Willem de Kooning (1904 – 1997)
American (born Holland)
Oil on paper on board
30 x 41 1/2 inches
Museum purchase with funds provided by NCR Corporation
Willem de Kooning
As a young man, Willem de Kooning studied at the Academy of Fine Arts in Rotterdam, his native city. At the time, his ambition was to be a commercial artist, and he pursued that career once he immigrated (illegally) to the United States. During a period in the 1930s, he was supported by the Federal Art Project of the Works Progress Administration. In 1948, de Kooning’s paintings were featured in a one-man show in New York, and from that time his career accelerated. Today he is known as one of the greatest of the Abstract Expressionists.

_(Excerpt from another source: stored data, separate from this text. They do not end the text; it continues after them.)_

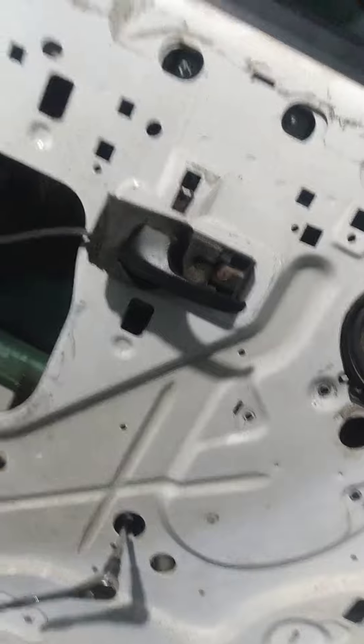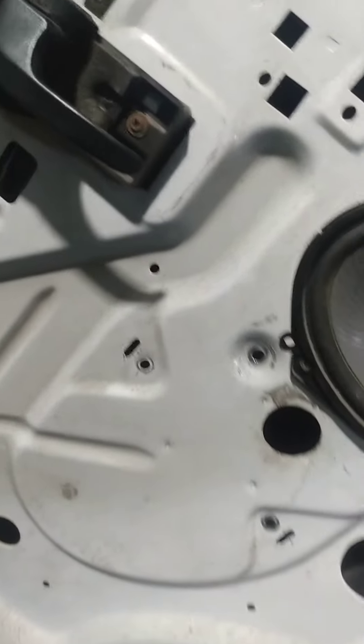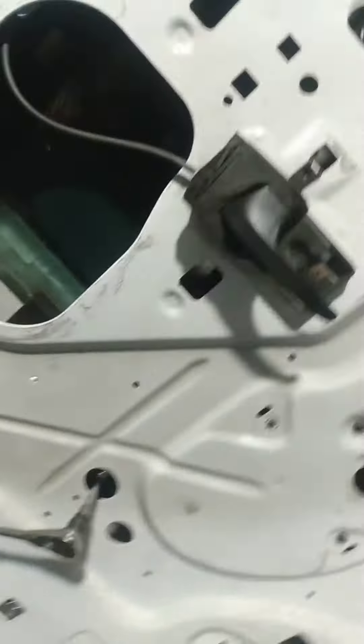Welcome to another episode of Automotive Drama. I've got a 2003 E250 over here — anybody ever do a window regulator? Saw a previous video on how to get the rivets out. This one I'm going to show you. If you look right here, that's where the bolts are to get the window out. Now you would think in a 2003 Ford E250 that would be a metric bolt — but no, it's a 3/16, which makes no sense.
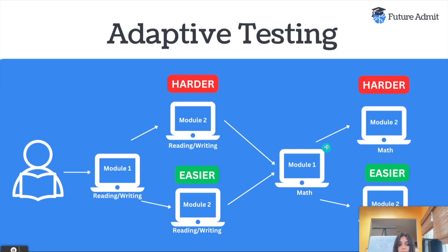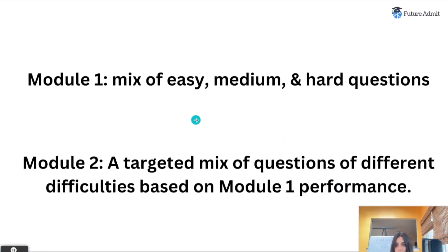The math section works the exact same way. On the digital SAT, you have the calculator for the entire math section — unlike the old paper SAT where you had a non-calculator and a calculator section. Based on how you do on module one, that determines the type of questions you get on module two. If you do really well on module one, you get harder questions on module two; if you do poorly, you get easier questions. Module one is a mix of easy, medium, and hard questions, and your module two will be a targeted mix based on your module one performance.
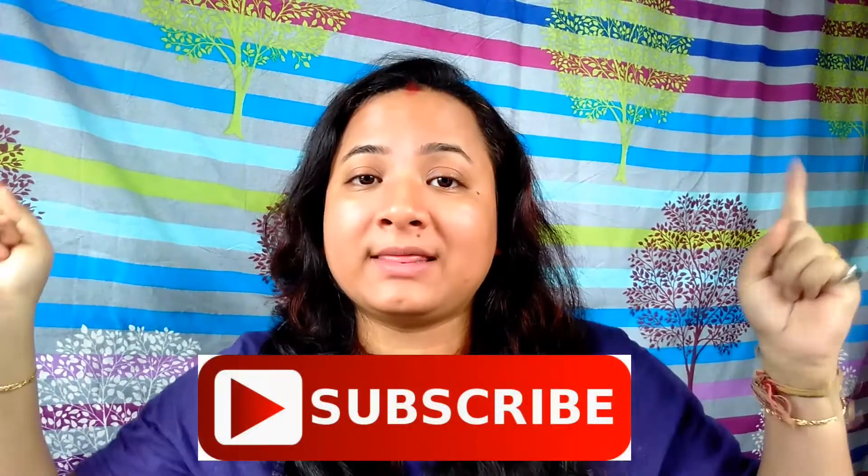Hello, my dream team! I'm Brincy and welcome back to my channel, Angst Cat Buddy. If you are a new viewer, don't forget to hit the subscribe button down below for more interesting and lovely videos. Today I am back with another hair mask recipe.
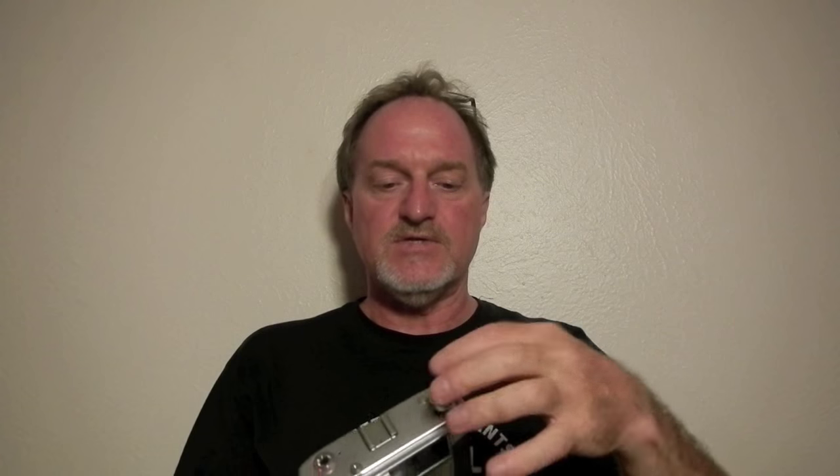This is the shutter button. You bring it down halfway to get the reading from the selenium meter in the viewfinder, and then all the way to take the shot. You use this little lever and it pops up the rewind knob.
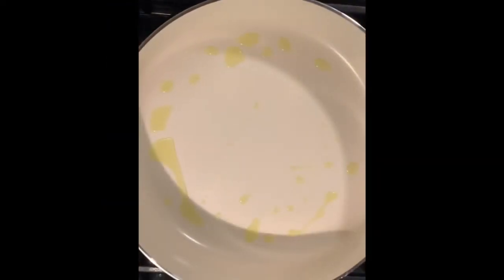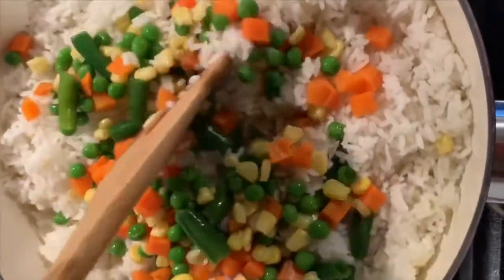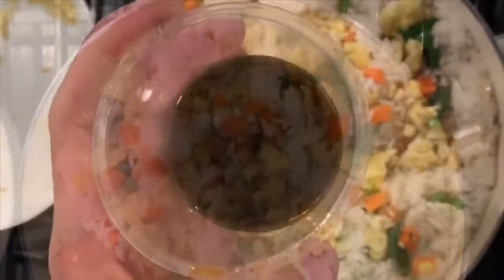Get another pan, place some oil, and put in your rice — use one and three quarters cups plus half a cup of mixed vegetables. Add your scrambled egg and add pepper to taste.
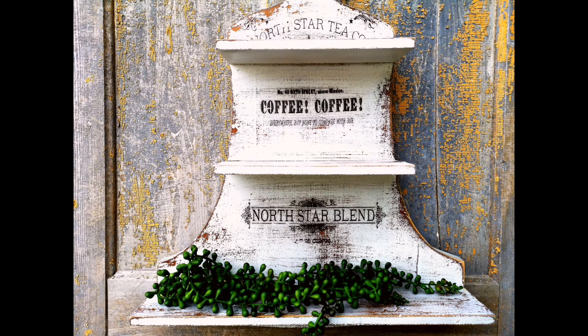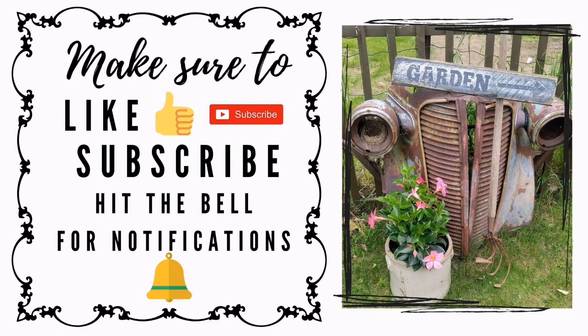Hope you enjoyed and we'd love for you to like, subscribe and follow along if you like thrifting, DIYs and repurposing. Have a great day!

Like his contemporaries Arshile Gorky, Jackson Pollock and Robert Motherwell, de Kooning’s painting was mostly abstract and intensely gestural. This painting style – which was variously dubbed “action painting,” “Abstract Expressionism,” or simply “the New York School” – revolutionized modern art and helped establish New York City as the center of the art world. With an emphasis on expressive gesture, their works were often large, dramatic and thickly painted.
This untitled work, although relatively small, exudes the dynamism for which de Kooning was known. The painting is defined by broad brushstrokes which seem to skid across the surface in a blaze of lush color. With no recognizable subject matter, it seems a painting about painting, and the liberation such action invites.